Reproduce exactly the lines from the one containing "Ocean Grove House" through the last line of the records below, both included, and nothing else.

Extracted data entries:
____

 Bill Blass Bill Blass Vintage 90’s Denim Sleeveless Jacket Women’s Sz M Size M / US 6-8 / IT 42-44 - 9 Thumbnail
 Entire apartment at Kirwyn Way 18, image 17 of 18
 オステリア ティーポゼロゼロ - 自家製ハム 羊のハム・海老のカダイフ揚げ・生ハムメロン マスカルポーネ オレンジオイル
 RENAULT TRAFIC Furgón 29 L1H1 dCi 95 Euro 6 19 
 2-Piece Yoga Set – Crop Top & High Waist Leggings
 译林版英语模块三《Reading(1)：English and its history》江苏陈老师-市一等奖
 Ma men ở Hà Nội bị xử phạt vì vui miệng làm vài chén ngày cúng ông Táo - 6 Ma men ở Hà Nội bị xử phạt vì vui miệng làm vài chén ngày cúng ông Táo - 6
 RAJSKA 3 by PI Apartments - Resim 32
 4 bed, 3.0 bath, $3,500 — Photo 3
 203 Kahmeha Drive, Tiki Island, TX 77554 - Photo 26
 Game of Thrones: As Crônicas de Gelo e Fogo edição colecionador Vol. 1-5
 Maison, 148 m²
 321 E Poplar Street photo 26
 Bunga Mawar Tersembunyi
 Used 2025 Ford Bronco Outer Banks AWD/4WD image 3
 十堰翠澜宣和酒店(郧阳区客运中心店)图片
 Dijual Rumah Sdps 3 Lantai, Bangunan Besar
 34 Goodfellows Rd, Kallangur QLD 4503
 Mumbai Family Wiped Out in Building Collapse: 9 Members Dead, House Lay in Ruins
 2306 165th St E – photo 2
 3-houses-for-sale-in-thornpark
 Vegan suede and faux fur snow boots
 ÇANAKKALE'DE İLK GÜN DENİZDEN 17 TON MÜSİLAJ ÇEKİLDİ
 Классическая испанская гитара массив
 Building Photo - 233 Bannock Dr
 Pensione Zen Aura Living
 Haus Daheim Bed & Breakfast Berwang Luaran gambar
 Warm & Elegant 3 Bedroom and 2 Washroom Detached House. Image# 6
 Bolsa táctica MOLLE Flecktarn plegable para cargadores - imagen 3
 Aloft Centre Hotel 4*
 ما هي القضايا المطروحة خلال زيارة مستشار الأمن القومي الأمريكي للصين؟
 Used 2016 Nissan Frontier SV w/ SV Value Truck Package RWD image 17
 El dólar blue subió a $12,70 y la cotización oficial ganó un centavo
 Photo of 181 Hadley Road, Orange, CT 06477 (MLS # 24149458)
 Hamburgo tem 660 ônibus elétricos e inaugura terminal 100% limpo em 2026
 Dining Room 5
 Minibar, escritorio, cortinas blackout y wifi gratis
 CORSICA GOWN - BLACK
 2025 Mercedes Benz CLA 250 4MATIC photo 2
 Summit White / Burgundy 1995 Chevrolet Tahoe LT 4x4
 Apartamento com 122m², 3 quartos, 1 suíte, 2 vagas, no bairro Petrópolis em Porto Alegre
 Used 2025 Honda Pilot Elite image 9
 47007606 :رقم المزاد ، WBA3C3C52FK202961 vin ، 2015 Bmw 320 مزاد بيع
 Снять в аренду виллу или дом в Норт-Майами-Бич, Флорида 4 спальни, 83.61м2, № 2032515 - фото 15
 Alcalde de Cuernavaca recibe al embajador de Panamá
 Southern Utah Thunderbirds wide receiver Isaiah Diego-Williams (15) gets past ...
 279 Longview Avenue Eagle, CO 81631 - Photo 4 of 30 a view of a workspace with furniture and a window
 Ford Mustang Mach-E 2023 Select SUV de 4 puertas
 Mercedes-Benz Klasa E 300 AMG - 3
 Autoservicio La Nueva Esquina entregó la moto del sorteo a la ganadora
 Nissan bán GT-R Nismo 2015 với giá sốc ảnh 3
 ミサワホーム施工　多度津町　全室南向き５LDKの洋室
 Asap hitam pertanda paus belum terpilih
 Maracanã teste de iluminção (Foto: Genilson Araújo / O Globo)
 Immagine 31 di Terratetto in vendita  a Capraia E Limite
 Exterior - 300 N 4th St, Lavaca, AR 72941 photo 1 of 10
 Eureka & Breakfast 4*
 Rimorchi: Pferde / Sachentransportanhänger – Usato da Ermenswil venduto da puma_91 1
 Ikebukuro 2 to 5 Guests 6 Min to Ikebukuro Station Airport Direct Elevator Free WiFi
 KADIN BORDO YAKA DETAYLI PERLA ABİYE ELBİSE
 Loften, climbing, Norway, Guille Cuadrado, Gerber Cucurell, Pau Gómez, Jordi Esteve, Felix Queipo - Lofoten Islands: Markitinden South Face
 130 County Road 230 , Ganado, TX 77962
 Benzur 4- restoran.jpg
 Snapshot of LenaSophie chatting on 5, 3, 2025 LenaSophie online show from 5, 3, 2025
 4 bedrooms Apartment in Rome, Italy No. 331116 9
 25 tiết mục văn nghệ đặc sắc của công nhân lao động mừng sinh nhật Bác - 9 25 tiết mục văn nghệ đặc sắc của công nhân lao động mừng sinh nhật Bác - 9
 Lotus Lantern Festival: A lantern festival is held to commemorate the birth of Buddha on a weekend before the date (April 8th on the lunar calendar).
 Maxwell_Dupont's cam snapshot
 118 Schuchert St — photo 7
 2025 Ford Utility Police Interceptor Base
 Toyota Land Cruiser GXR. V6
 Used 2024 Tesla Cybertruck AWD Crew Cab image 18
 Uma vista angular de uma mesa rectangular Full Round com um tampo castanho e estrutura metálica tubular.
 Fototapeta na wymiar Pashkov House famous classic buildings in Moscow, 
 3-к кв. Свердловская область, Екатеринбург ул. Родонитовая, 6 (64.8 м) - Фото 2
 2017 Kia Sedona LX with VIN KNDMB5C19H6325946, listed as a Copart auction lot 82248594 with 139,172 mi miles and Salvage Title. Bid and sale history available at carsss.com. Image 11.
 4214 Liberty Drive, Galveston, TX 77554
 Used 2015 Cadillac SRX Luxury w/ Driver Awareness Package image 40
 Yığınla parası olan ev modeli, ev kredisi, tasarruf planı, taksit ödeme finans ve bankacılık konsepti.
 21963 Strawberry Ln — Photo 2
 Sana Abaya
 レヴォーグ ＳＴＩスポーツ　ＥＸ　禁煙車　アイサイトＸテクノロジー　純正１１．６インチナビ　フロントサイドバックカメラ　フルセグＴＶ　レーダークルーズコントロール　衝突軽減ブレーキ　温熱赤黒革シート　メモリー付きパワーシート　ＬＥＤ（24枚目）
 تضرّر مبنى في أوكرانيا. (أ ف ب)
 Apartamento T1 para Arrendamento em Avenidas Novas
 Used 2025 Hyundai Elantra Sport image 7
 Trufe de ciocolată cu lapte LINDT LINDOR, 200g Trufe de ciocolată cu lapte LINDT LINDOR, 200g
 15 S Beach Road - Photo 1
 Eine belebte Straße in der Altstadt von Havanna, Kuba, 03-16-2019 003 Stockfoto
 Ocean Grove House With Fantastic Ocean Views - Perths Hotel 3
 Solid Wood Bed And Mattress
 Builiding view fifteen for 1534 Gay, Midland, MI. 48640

____

# RESPONSE BOX
 Ocean Grove House With Fantastic Ocean Views - Perths Hotel 3
 Solid Wood Bed And Mattress
 Builiding view fifteen for 1534 Gay, Midland, MI. 48640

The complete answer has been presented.